=== Section Start ===

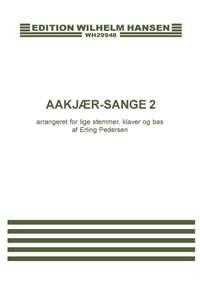 Erling Pedersen: Aakjær-Sange 2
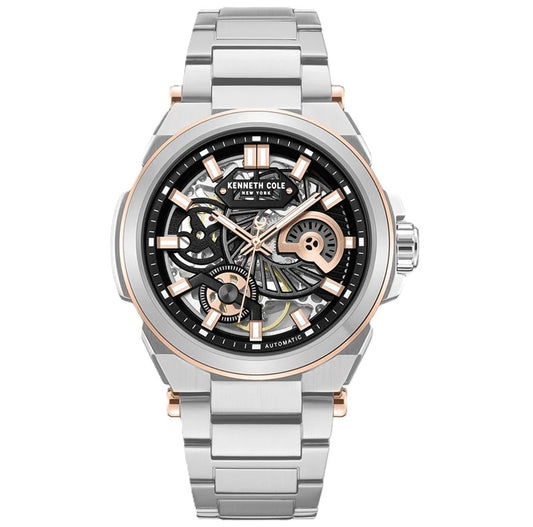 KENNETH COLE Mod. SKELETON AUTOMATIC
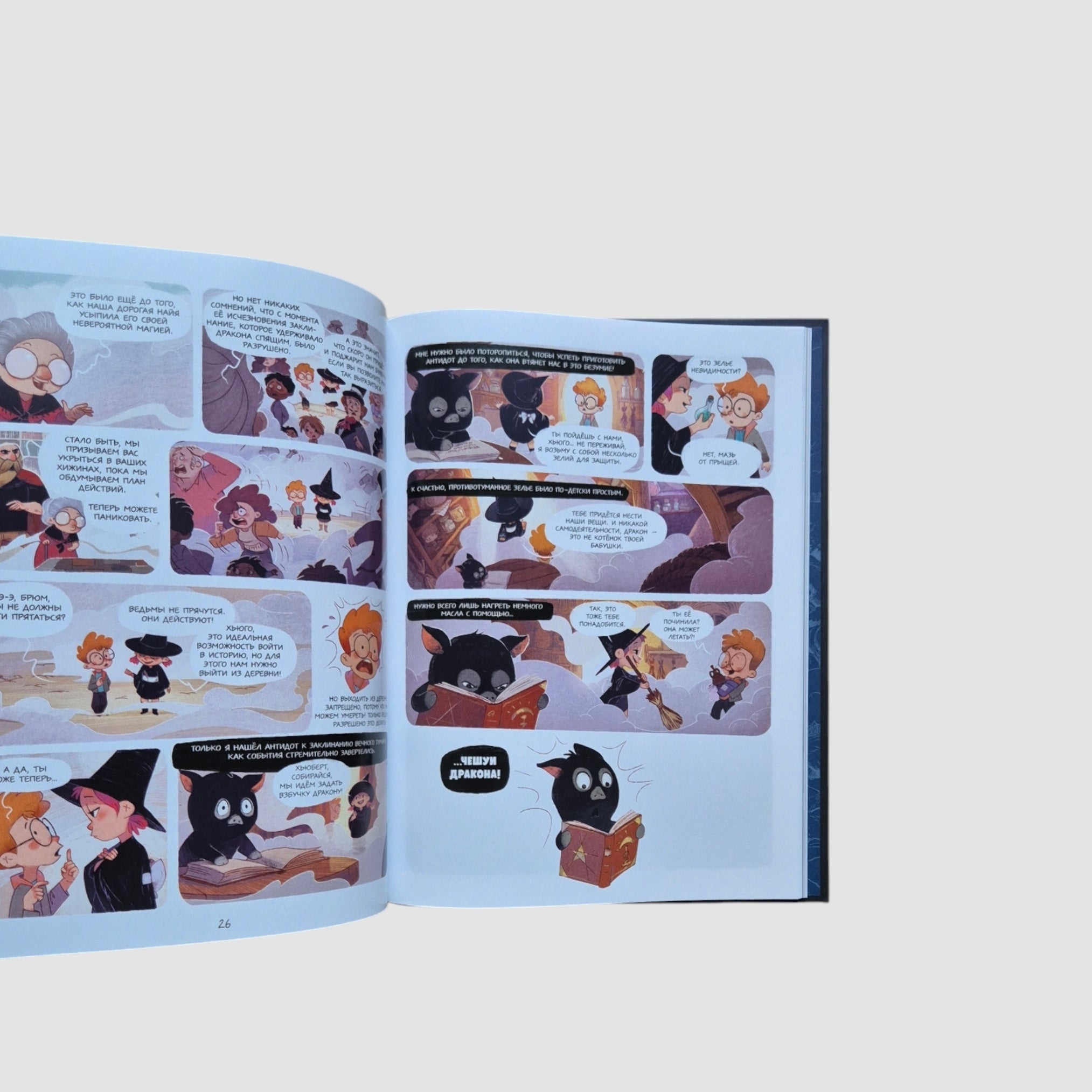 Brum the Little Witch. Volume 1. The Dragon Awakens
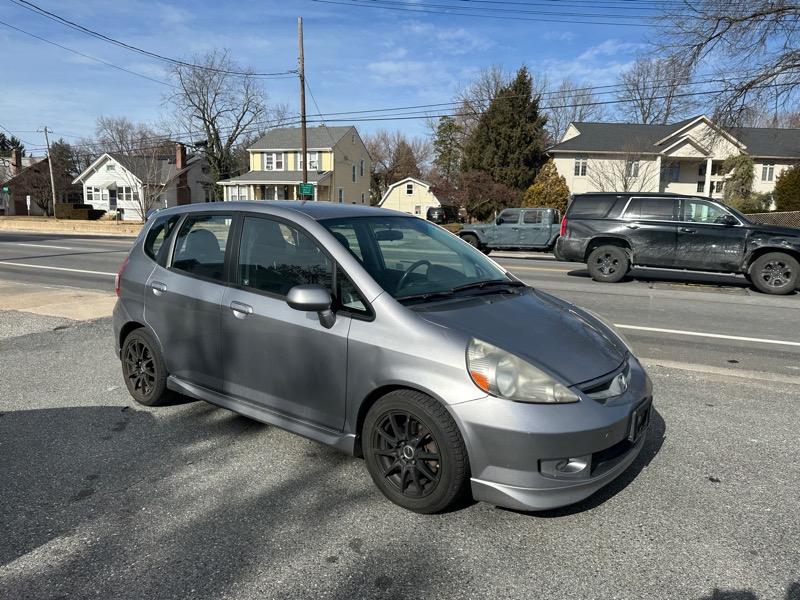 Honda Fit Sport 5-Speed AT 2008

=== Section End ===

- **Task goal**
Take the lines from the one holding "KENNETH COLE Mod. SKELETON AUTOMATIC" through the final line of the listing above and copy them exactly, both ends included, with no pictures.

- **Task result**
 KENNETH COLE Mod. SKELETON AUTOMATIC
 Brum the Little Witch. Volume 1. The Dragon Awakens
 Honda Fit Sport 5-Speed AT 2008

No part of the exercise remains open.